Whatever the reason, over-estimation of seating capacity hides the reality of needed expansion, and therefore stifles and chokes out the possibility of additional growth. Having a realistic understanding of your seating capacity is vital in identifying when your growth potential has been straight-jacketed by your building.
Here are 6 Reasons why your sanctuary is smaller than you think:
#1 – The Front Row Doesn’t Count
Nobody, especially visitors, wants to sit in the front row. For whatever reason people feel insecure and exposed there and will only sit in the front in an emergency. Because this is really a no-man’s land, don’t bother counting it as part of your seating capacity. As far as visitors and growth is concerned, it simply isn’t part of your useable seating.
#2 – The Over-Flow Doesn’t Count
From a visitor’s perspective, over-flow seating stinks. Although you may have the oddball regular who actually likes it, visitors are not impressed with the bad seats, bad view, bad sound, and often lack of pew-back promotional materials. If you are regularly using your over-flow it is time to expand – either an additional service, an additional site, or a larger building. If you are regularly filling your over-flow then expansion is over-due and your facility is definitely choking out your growth possibilities.
#3 – Don’t count the Centers of Very Long Pews
Even if visitors didn’t mind crawling over 5 or 10 people just to get to an empty seat it really wouldn’t matter. From their vantage point coming in the back of the sanctuary they can’t see that there are any empty seats there in the first place. This is absolutely true if they arrive just a bit late when everyone is standing and singing. It may be nice that the pastor can see some room from up on stage, but that doesn’t help them at all. The centers of very long pews are inaccessible to visitors, and shouldn’t be counted as part of your usable seating capacity. This is also a good thing to keep in mind if you are about to build – shorter pews are better.
#4 – Most People Aren’t Anorexic Super-Models
When you measure your seating capacity make sure you give at least 24” per person.

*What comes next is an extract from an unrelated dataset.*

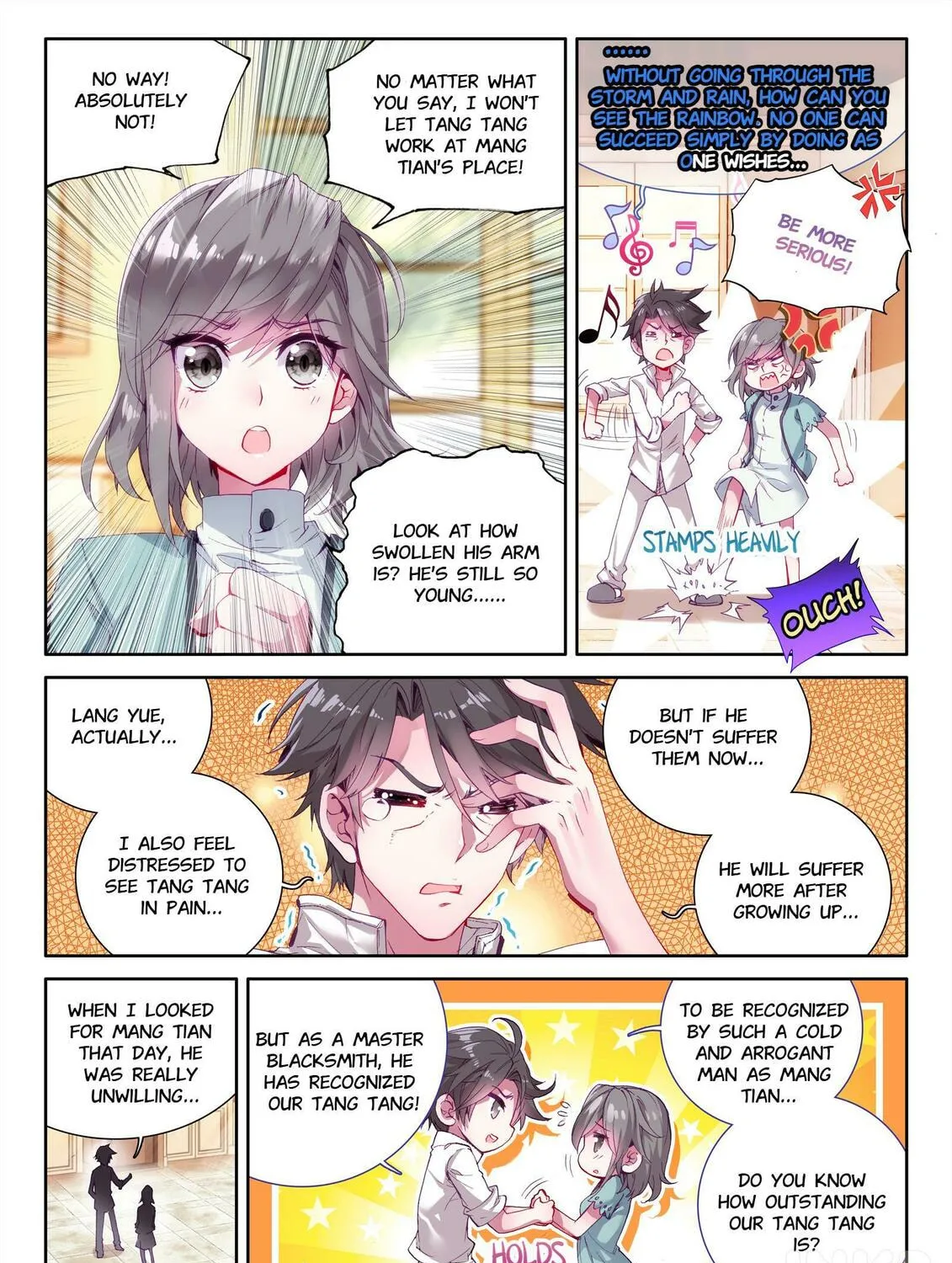Soul Land 3: Legend of the Dragon King (Colored) Chapter 6 page 3 - 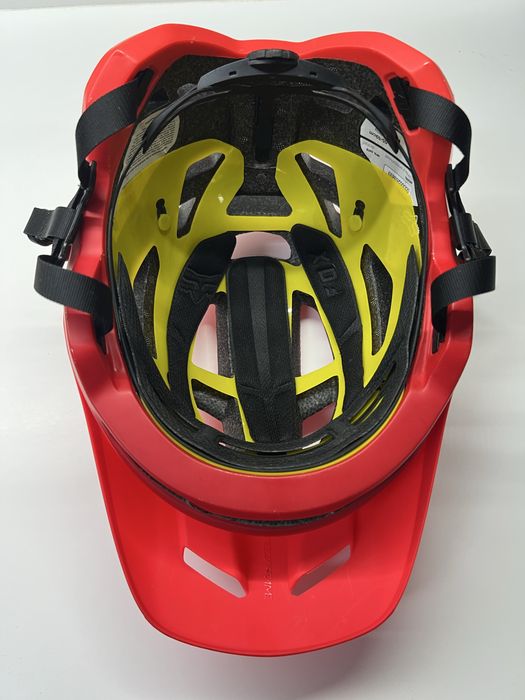 Capacete Mtb Fox Speed Frame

This doesn’t assume that everybody is 2 feet wide, but ensures people have enough room for their purse and their Bible. No one, especially visitors, likes to sit thigh-to-thigh with a stranger. People will naturally spread out a bit and will naturally take at least 24” of space.
#5 – Your Ushers lack training
Because 95% of churches do not have any training for their ushers, there is a 95% chance that you don’t either. A trained usher will boldly walk down the aisle and look for empty spots and will ask people to shuffle in to make room. A visitor will do neither of these things. If your ushers merely shake hands and give out bulletins, then round your seating capacity down a bit more.
#6 – The 80% Rule
The 80% rule is this: once you have reached 80% full – you’re full. While on special occasions you might be able to forcibly pack people in and get beyond 80% capacity – you will never be able to do this on a regular basis. After you reach 80% full the quality of the visitor’s experience goes down dramatically. Beyond 80% your visitors will have a hard time sitting together as a family (they weren’t looking for one empty seat, but a block of four). Beyond 80% your visitors will not have any room for their belongings. Beyond 80% your visitors will be uncomfortably rubbing thighs with strangers. Beyond 80% your visitors do not have any real choice of where they want to sit. Beyond 80% your visitors will not come back.
What do I do about this?
After you have physically measured your pews and made all the necessary adjustments mentioned above you should have a realistic understanding of your seating capacity. Now take your average attendance and see how close you’re getting to that 80% high-water mark. If you’re anything over 70% then it is time to start making plans to add an additional service, an additional venue, or a new building. If you’re not at this point and are still having trouble growing then take a good look at your parking lot 10 minutes after the service starts – you may be choking people out before they even get in the building. If parking space and seating capacity are still good, then you may have some significant spiritual or quality issues you need to deal with.